Approximately 2500 index cases are performed each year providing each resident with the necessary operative experience required by the American Board of Thoracic Surgery to matriculate into competent, autonomous surgeons.
First Two Years
The first two years of training are designed to provide a concrete foundation in medical, surgical, and intensive care experience essential to the practice of Cardiothoracic Surgery. Residents work under supervision, alongside senior residents and attending physicians from General Surgery, Cardiac Surgery, Thoracic Surgery, and Anesthesia. The length of the rotations are designed to coincide with the General Surgery training program but are assigned to maximize operative experience in General, Vascular, and Cardiothoracic Surgery. At the conclusion of the second year, each resident chooses an emphasis/track in either Cardiac or Thoracic Surgery.
Third Year
The third year is composed of four (4) months of General Surgery, five (5) months of Cardiothoracic Surgery, and the remainder of time gaining experience in related fields. Those choosing a Cardiac track will spend time in the catheterization and echocardiography laboratories.

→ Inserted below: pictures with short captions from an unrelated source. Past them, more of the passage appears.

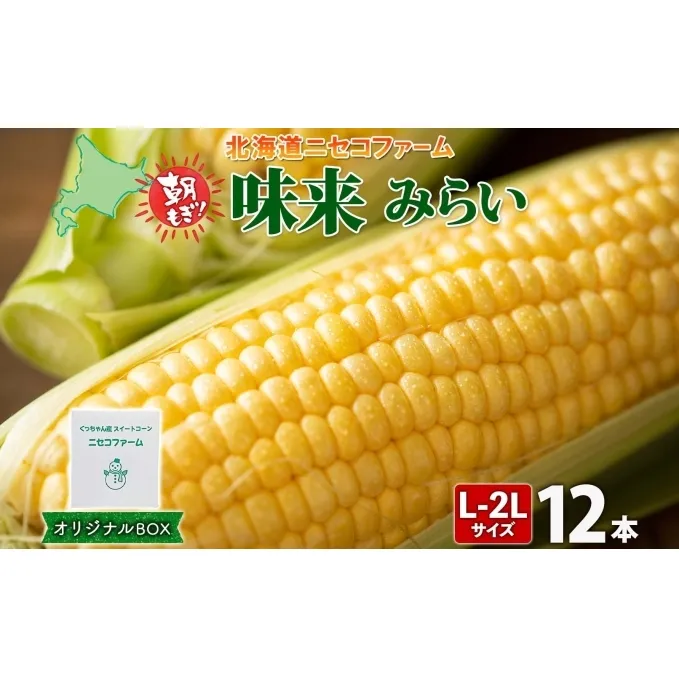 北海道産 とうもろこし 味来 計12本 L-2L サイズ混合 大きめ みらい 旬 朝採り 新鮮 トウモロコシ 甘い 夏野菜 とうきび お取り寄せ 産地直送 野菜 しりべしや 送料無料 北海道 倶知安町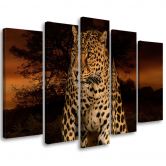 5-delige canvasprint Leopard Panther Cat Safari 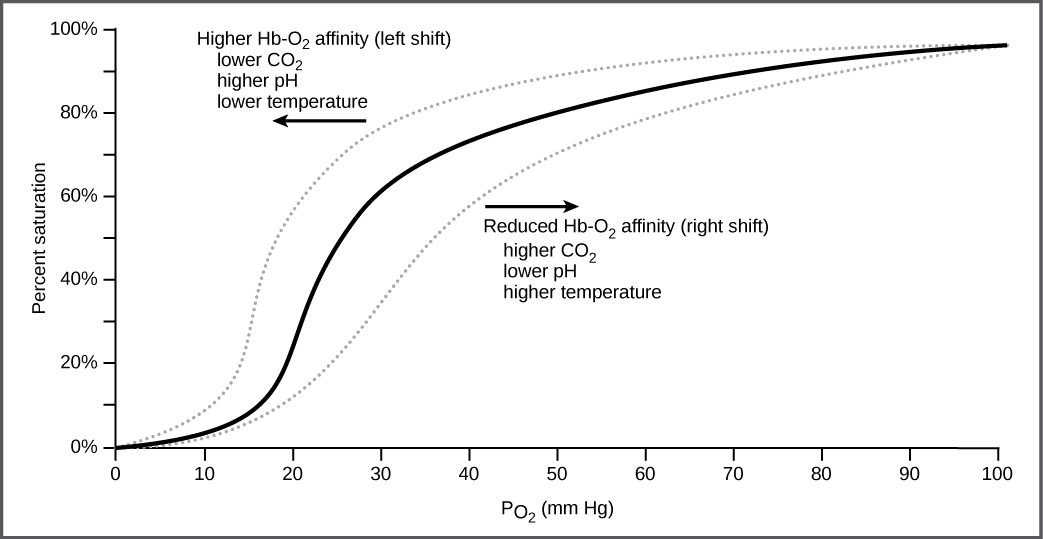 The Liver TeachMePhysiology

Those choosing a General Thoracic track will spend time in the esophageal diagnostic and endoscopic laboratory with additional rotations on the Medical & Radiation Oncology services.
Final Three Years
The final three years of training are devoted to the surgical, percutaneous, and minimally invasive treatment of acquired and congenital cardiac disease as well as thoracic and esophageal disease. The rotations are designed so that residents rotate through Cardiac and Thoracic Surgery each year with increasing progressive responsibility and autonomy that culminates with the chief resident year.